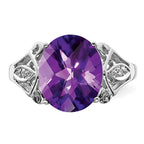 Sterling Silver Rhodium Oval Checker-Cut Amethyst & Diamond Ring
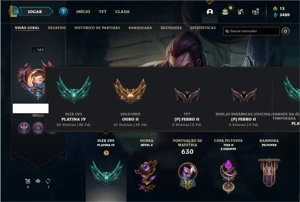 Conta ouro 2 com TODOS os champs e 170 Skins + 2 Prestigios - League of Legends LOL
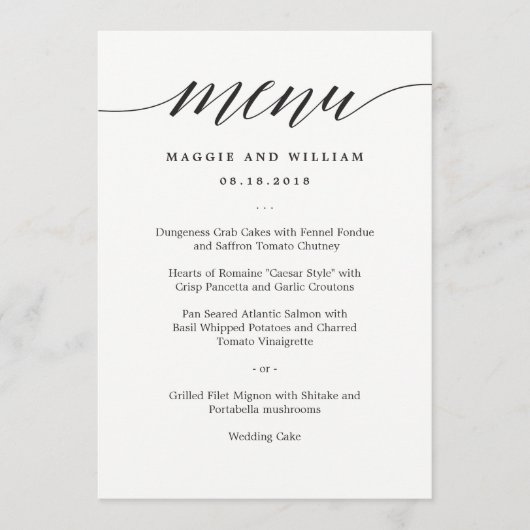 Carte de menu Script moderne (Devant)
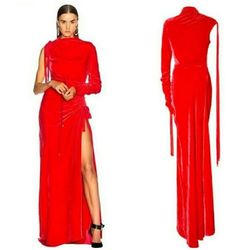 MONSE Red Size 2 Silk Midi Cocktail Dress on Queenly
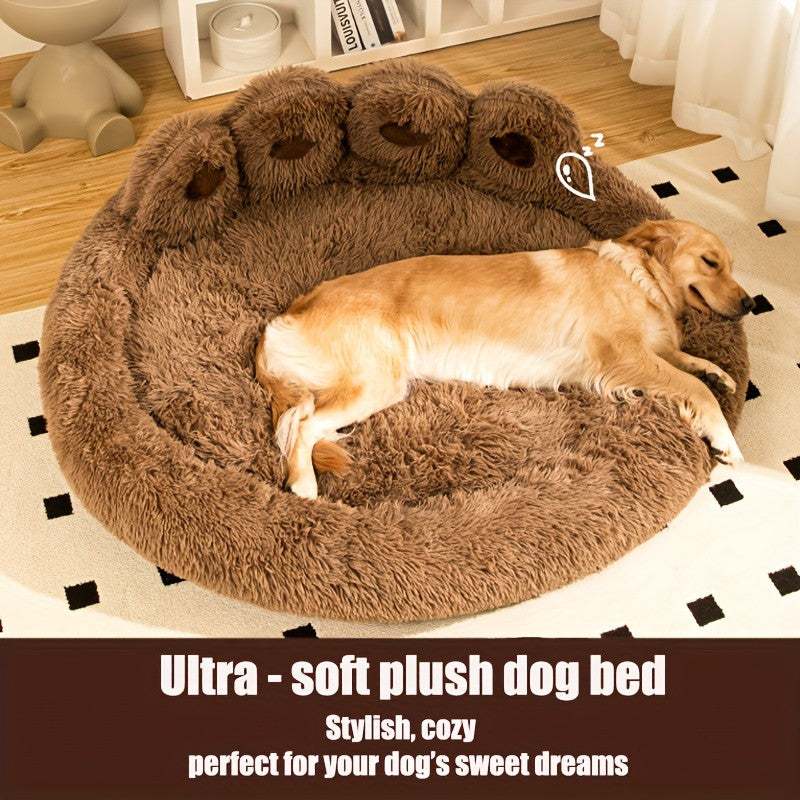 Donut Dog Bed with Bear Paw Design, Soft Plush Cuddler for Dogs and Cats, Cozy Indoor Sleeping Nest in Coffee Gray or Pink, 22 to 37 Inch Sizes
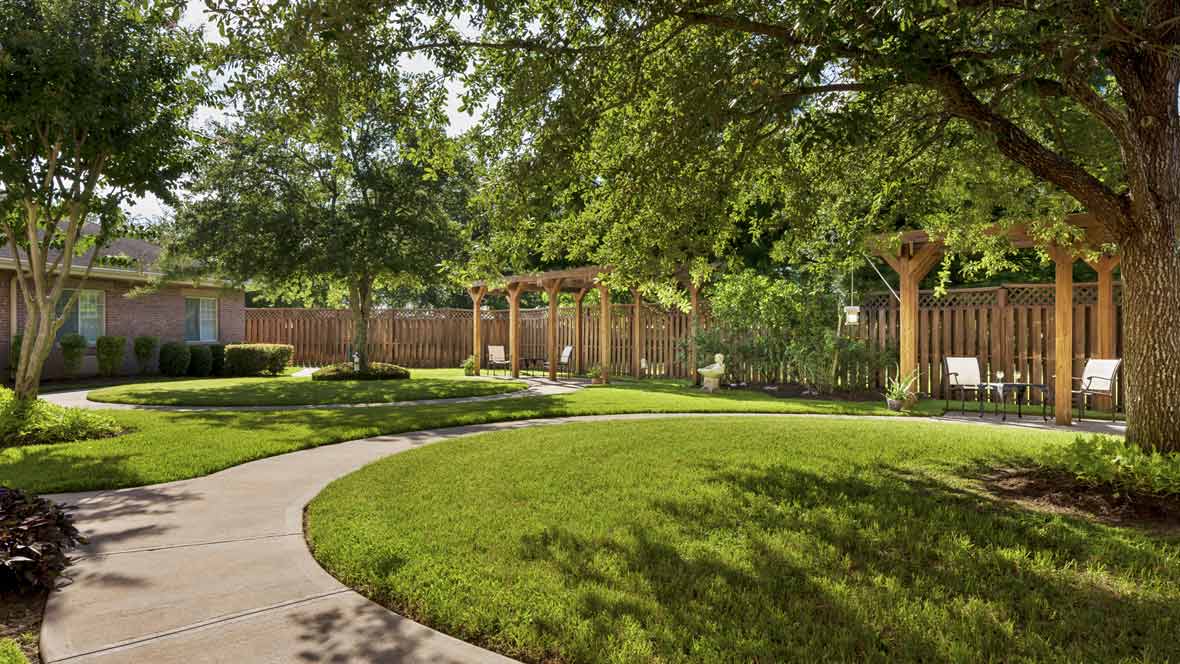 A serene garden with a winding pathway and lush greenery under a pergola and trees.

--------------------

ASSIGNMENT: An exact reproduction of all the records is required, with no pictures included.

SOLUTION:
 Sterling Silver Rhodium Oval Checker-Cut Amethyst & Diamond Ring
 Conta ouro 2 com TODOS os champs e 170 Skins + 2 Prestigios - League of Legends LOL
 Carte de menu Script moderne (Devant)
 MONSE Red Size 2 Silk Midi Cocktail Dress on Queenly
 Donut Dog Bed with Bear Paw Design, Soft Plush Cuddler for Dogs and Cats, Cozy Indoor Sleeping Nest in Coffee Gray or Pink, 22 to 37 Inch Sizes
 A serene garden with a winding pathway and lush greenery under a pergola and trees.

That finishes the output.